"Gunfighting is a thinking man's game. So we might want to bring thinking back into it."-MDFA
Beware of my temper, and the dog that I've found...
I read that the Zumwalt guns were not designed for ship to ship usage. The ships also were to carry two 57 mm guns for defense against little vessels and some AA. However, the gun sucked and they substituted two 30 mms.
https://en.wikipedia.org/wiki/Zumwal...Secondary_guns
If some time travel cliche landed one of these near a Fletcher class destroyer in visible gun range, they would be toast. There's a big debate how modern ships could handle in close waters, small boat swarm attacks, light aircraft and drones.
The Israelis have a drone small boat that carries two high tech torpedos. Send a set of them out to a ship close in and OOPS. This is funny because it mirrors the secondary armament debates during the developments of the pre and post dreadnought battleships in the early 1900's. What secondary armament, range and fire control of the main guns were all up for discussion.
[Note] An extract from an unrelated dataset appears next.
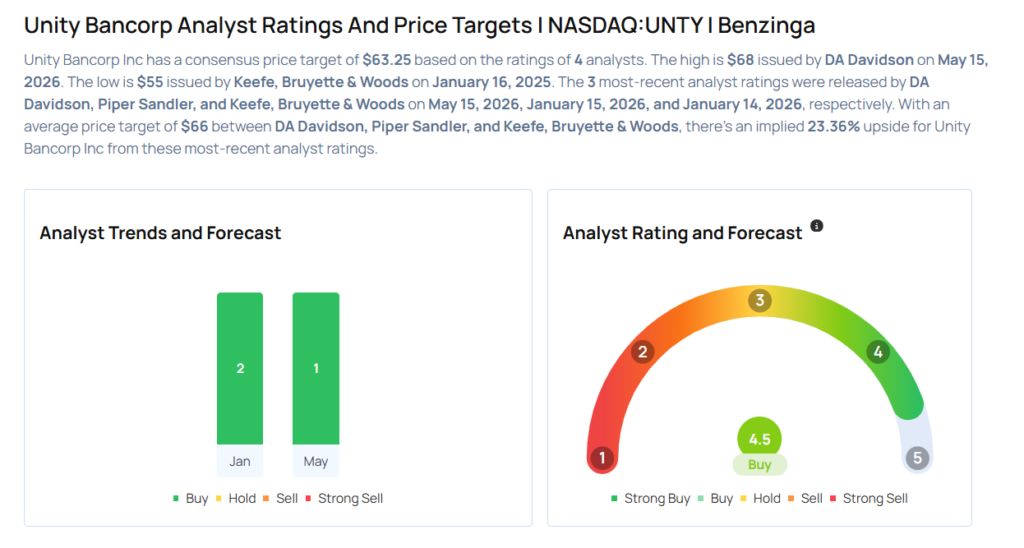This Unity Bancorp Analyst Begins Coverage On A Bullish Note; Here Are Top 4 Initiations For Friday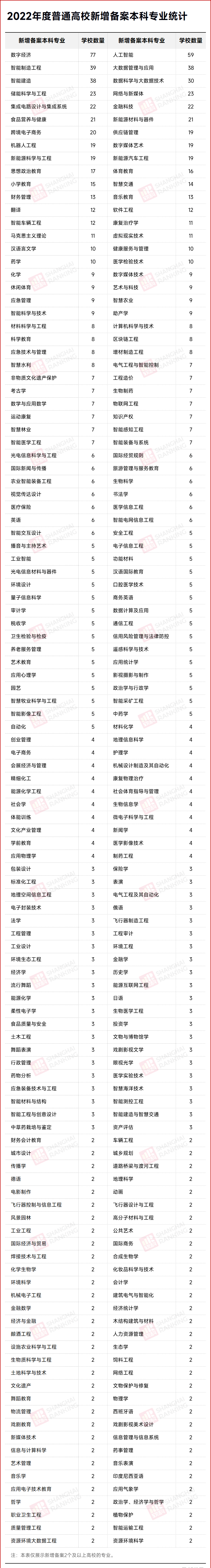 这925个专业被撤销！四年白学了？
The Zumwalts are a waste of money, IMHO. They will tote around 80 missile for an exorbitant price with limited other abilities. The Chinese are building new cruisers while ours are old and new ones just in planning.
That looks to be a pretty horrible spot to mount a large turret on a warship- especially one that uses lots and lots of electricity to work.
Edit to add some possible problems:
-It's a long, long, long way from the powerplant. That's a long way to run the massive amount of KW you need to run that thing.
-If the turret is armored, that's a lot of weight to be putting right at the bow.
Last edited by Joe in PNG; 01-04-2019 at 12:46 AM.
"You win 100% of the fights you avoid. If you're not there when it happens, you don't lose." - William Aprill
"I've owned a guitar for 31 years and that sure hasn't made me a musician, let alone an expert. It's made me a guy who owns a guitar."- BBI
It makes sense given the ship. The ship is an old cargo/amphibious delivery ship. I’m guessing the bow opens to a degree allowing easy access to the various internals for engineering purposes.
This gun on this ship is strictly test bed, not combat capable. I suspect that the rail gun is not armored and that this is instead concealment for the internals.
I also suspect that the gun works, but that it is no where near primetime. To be fair, conceptually a railgun is pretty basic. The difficulties are, as we’ve seen, in durability and power generation/delivery. Personally, if we have power generation and delivery down pretty well, we need to get a railgun on a ship. Navy is saying, “We want it combat ready before we mount.” Because you know...nothing ever needed adapting for mounting on a ship or working properly in a marine environment...
They could but that is not what the 155mm guns are for. The Zumwalts were designed as guided missle destroyers with a secondary role of using the 155mm Vertical gun system to provide long range naval gunfire support to land troops via GPS guided shells. The primary surface weapons were guided missles with two 30mm cannon as back up for close range threats.
You are thinking in the past. Think battle of Jutland vs battle of midway. Now go a step beyond midway and add sea/air/ land guided missles to the mix. They work near and far.
It’s a moot point anyway as the three zumwalts are being repurposed and will not use the 155mm gun system. There won’t be any beyond the three already orders.